Diversity and Inclusion: how are law firms changing?

I recently had the pleasure of attending a webinar chaired by Matthew Berrick of The Legal Line Up with a wide variety of panellists on the topic of diversity and inclusion. The panel consisted of Daniel Winterfeldt QC, Scott Halliday, Sana Shafi and Blaise Nsenguwera – each panellist is at a different stage in their legal career, with different firms and in different sectors. It was really interesting to hear their different viewpoints and angles on the topic of diversity and inclusion in the legal sector!

The webinar was split into three main questions, followed by a period of Q & A. I’ve picked the main topics that came up throughout the webinar and compiled the answers of the panellist:

‘Tokenism’ and retention

The panel firstly discussed ‘tokenism’, which was described as firms recruiting diversely, but only for the sake of statistics/as a ‘tick box’ exercise. The largest problem that remains, though, is that after people are recruited into a firm, the culture is not diverse enough to retain the talent. There is no one solution to this problem – Daniel suggested a cultural study of the firm. This study would involve reviewing work allocation, work advancement, promotion criteria, transparency of work etc. Clearly, this involves a large amount of work, which many firms are yet to invest wholeheartedly. Additionally, each firm is different so such a survey could be done to analyse what’s working within the firm, which can then be cross-checked with other data.

Scott suggested that firms need to invite a diverse range of people into firms to talk about their experiences to try and positively impact on the firm’s culture. The aim being to spread awareness throughout the hierarchy, not just for those starting out in their legal career. Scott also discussed how informal networking and informal methods (meeting for coffee etc) has been effective in increasing diversity and having people think about ways to increase diversity differently.

The panel also observed that whilst graduate recruitment may be quite diverse, the further up the hierarchy, the less diversity there is. The problem lies with lack of inclusivity in firms’ culture. Sana talked about her experience at some legal events where there was a lack of non-alcoholic and halal options, which ultimately did not make her feel included. Thank you for sharing about your experiences, Sana!

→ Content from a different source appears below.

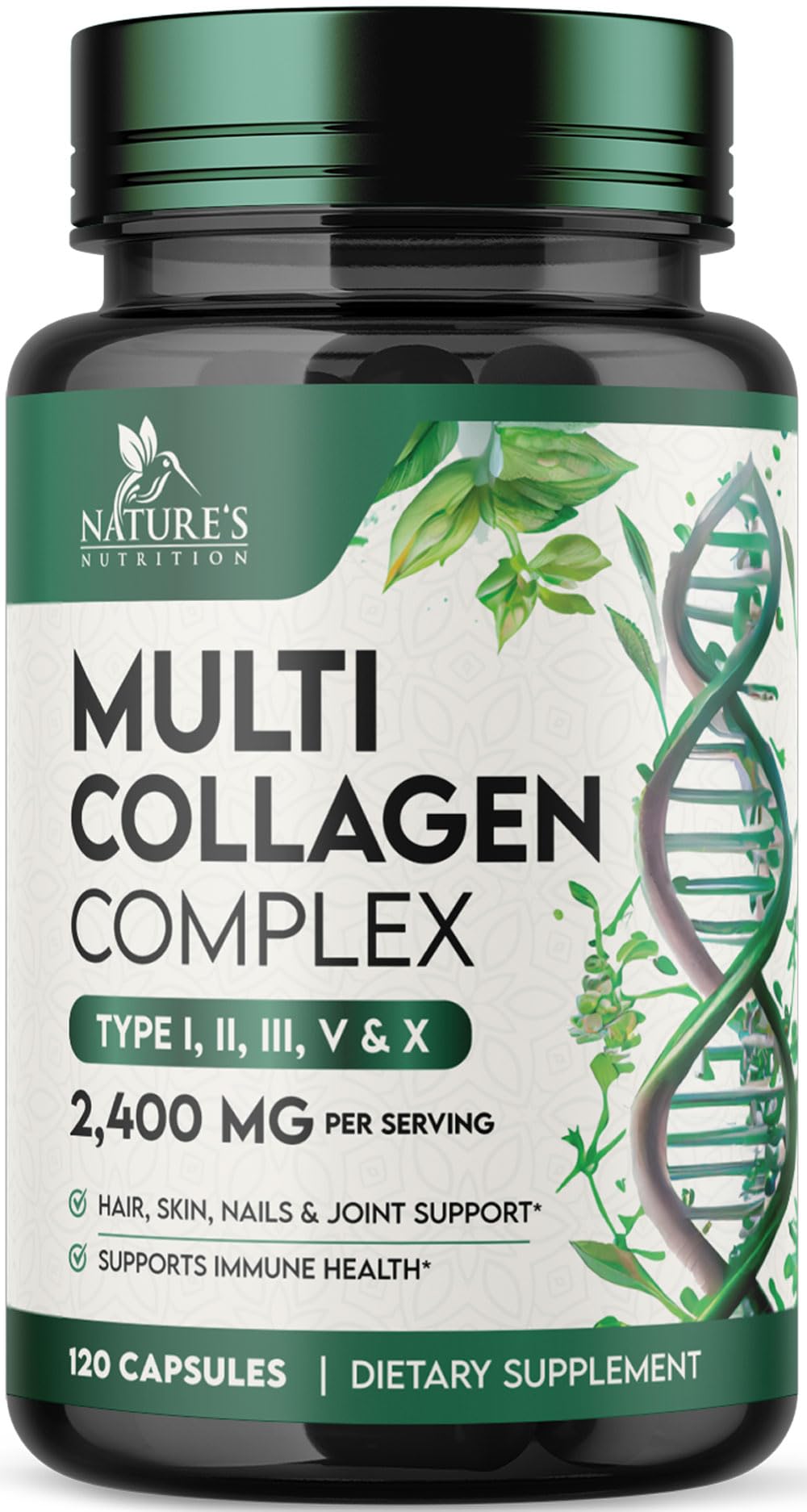 Nature's Nutrition Multi Collagen Capsules Hydrolyzed Collagen Peptides for Women & Men, Types I, II, III, V, X, Hair, Skin & Nails Support, Bottled in the USA, 120 Capsules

The different routes into/before a Training Contract

At present, the common route into a Training Contract is through a Vacation Scheme. It is worth noting that many firms also take direct Training Contract applications too. However, the problem that the panel wanted to highlight was that there are a few firms that only hire from 12-14 universities. Indeed, Daniel mentioned that there seem to be some firms who would prefer a ‘middle of the road’ graduate from Oxbridge, rather than a first class graduate from a non-Russel Group university. As such, what there needs to be a is a more diverse and flexible system, which takes a wide variety of factors into consideration.

Blaise discussed his experience at university and gaining work experience early on in his studies. It is clear that gaining Vacation Schemes and Training Contracts is very competitive, so starting to build your CV as early as possible is key! Scott shared that he completed a post-graduate degree in human rights law before starting his Training Contract, and whilst he isn’t a human rights lawyer, he was able to develop a further set of skills to bring to the table. He mentioned that it’s a shame that some candidates come to interviews trying to say the ‘right’ things to fit into the firm, when the best thing you can do for yourself is be honest about your experiences and reflect on what you’ve gained from them. Use your experiences wherever you can and own your experiences in the moment – here is value in having a different background from the linear progression!

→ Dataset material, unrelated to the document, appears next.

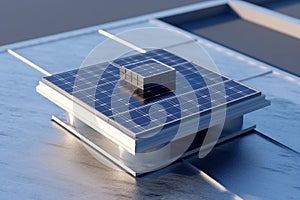 Solar panels on a metal surface. Photovoltaic cells. 3d render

Showing awareness of surrounding political issues

The panel suggested firms hosting events to increase awareness of the political issues surrounding diversity and inclusion. Firms need to be more proactive, and come together as a whole legal community. Daniel highlighted that whilst it’s important for the legal profession to contribute to society by supporting charities and doing pro-bono work, it is not a substitute for actively trying to increase the diverse culture within the firm itself. Only then, can all kinds of talent succeed and do well within the firm. Scott encouraged those within firms to use their networks to seek out and highlights diversity and inclusion points that are important to them!

Takeaway

This was a really interesting webinar, especially in light of the recent Black Lives Matter movement. I think the panel were observant in that they recognised that whilst graduate recruitment can be diverse, there seems to be less diversity higher up the hierarchy. As such, the panel offered their own views and suggested solutions to this.

I also appreciated the diverse panel which included people from different backgrounds, cultures and career paths. It was insightful to hear about their careers thus far, and listen to little bits of advice along the way! Thank you to the Legal Line Up for this important webinar, and thank you to the panellists for taking the time to share your stories!